We’re also filled in on the thickness of the stainless steel used in the Cybertruck’s panels. The doors are 1.8 mm thick, or roughly 0.07 inches thick. The other panels are thinner, at 1.4 mm (0.055 inches). Engineering efforts during the development of the Cybertruck were key to slimming the required thickness down. “We worked hard to get that strength up on the stainless,” explains Moravy. “The original, we were about 2.5, 3 [millimeters thick]… we actually increased the strength of HFS over time.”

Periodic quality checks are carried out on the blanks using a 2D scanner. The camera or machine vision component appears to be mounted quite high above the scanning bed, such that we don’t see it in the video. The outline of the flat blank is compared to a digital template and the system shows markers at various points indicating compliance. It’s a key tool for the team to ensure that panels are being produced to the exact right dimensions, because if the blanks are off, the final parts will be as well.

Next up, we’re treated to a look at one of the dies used to stamp the inner panels for the front doors. Each door is made up of the flat stainless steel outer, which forms the outside body of the car, and an inner panel that adds structure and serves to mount the interior trim and hardware. “Forming stainless as an A surface is kind of hard because you get drag marks and what not, so we had to work really hard on this process as well” explains Moravy. For those outside the automotive business, a Class A surface basically refers to interior touch points and exterior panels that must have absolutely top-tier surface finish and aesthetic quality.  On a normal car, paint and finishing would hide many flaws, but the all-stainless construction of the Cybertruck doesn’t allow that.

As you might expect, the stamping die looks pristine, with visibly smooth and shiny surfaces. That’s no surprise, because whether you’re stamping or casting something, the part’s surface finish can only be as good as the die’s surface finish. Thus, to produce high-quality stamped parts that look nice and flat and shiny, you need a die with excellent surface finish just the same.

The die inserts are made with an aluminum bronze alloy on its as this allows the production of stainless steel parts with minimum to no drag marks. The inserts are hardened and have a coating on top to give them the best possible longevity. Aluminum and its alloys aren’t really the most hard-wearing materials for constructing press tooling, but it’s a necessary compromise here to produce mark-free parts. It’s also explained that Tesla is still experimenting with different lubricants for the press process for the best possible results.

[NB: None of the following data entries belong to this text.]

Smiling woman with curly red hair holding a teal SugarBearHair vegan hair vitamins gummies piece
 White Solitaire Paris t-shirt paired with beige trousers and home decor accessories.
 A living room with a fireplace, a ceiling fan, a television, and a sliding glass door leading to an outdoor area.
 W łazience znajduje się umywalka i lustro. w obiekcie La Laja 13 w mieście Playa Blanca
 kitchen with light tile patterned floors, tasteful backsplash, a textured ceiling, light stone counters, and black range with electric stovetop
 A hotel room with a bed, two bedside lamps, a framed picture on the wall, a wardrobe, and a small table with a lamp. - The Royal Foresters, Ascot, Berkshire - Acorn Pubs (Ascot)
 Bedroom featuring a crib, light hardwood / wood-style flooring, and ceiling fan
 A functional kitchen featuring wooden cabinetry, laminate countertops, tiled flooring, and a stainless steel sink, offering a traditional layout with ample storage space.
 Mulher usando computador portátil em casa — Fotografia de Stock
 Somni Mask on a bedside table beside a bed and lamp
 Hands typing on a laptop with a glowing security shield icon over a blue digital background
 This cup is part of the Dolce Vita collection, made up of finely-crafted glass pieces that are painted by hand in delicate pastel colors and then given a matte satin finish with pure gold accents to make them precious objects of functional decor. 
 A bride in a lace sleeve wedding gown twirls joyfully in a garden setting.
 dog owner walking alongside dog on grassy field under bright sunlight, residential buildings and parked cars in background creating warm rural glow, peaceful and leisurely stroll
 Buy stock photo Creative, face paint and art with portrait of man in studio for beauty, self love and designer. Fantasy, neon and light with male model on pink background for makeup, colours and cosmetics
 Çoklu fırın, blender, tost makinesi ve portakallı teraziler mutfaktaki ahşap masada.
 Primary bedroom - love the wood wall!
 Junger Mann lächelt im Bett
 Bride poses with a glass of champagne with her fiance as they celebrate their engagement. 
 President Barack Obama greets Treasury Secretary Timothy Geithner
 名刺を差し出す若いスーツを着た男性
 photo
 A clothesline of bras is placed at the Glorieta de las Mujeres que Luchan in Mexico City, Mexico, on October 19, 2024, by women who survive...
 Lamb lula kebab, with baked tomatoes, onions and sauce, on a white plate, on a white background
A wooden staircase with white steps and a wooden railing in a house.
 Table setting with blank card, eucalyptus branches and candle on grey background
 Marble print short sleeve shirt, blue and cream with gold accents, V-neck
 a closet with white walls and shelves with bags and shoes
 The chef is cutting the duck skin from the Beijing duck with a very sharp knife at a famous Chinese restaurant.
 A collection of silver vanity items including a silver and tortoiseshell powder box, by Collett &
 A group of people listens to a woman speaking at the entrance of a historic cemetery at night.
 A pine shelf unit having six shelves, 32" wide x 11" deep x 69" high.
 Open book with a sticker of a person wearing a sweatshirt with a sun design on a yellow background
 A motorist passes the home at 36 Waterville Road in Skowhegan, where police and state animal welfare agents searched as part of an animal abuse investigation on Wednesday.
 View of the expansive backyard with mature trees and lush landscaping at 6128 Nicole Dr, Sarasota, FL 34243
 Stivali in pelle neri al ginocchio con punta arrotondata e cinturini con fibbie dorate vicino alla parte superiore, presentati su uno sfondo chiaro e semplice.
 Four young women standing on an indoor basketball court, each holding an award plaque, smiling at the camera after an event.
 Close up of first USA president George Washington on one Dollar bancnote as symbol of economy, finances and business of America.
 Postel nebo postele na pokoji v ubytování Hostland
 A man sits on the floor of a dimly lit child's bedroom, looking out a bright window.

Munro is amazed the aluminum bronze is being used for stamping , but Moravy explains that it’s working well given the constraints. “When you use steel we get drag marks, [but] you know aluminum can’t last, right?” says Moravy. “So we obviously have to replace these inserts a reasonable amount of time but they’re lasting quite a longer than we thought they would.” At this stage, the plant has only run around 1,000 to 1,200 stamps for each part. “I think we’re gonna get about, based on our prototype trials, anywhere from 50 to 100 before we start doing rework” says Moravy. An engineering interpretation would suggest he means 50,000 to 100,000 stamps, not merely 50 to 100. If it were just 50 to 100, there’d be no way to build the Cybertruck in real numbers as the press tools would be getting serviced every few hours.

All in all, it’s clear Tesla has done some novel engineering on the manufacturing side. “I’ve never really stamped stainless steel without a coating” says Munro. “I don’t think anyone has,” replies Moravy. “Certainly not for an A-surface quality part.” Without checking every plant in the world, we can’t verify this, but stainless stamping for automotive isn’t exactly common, regardless.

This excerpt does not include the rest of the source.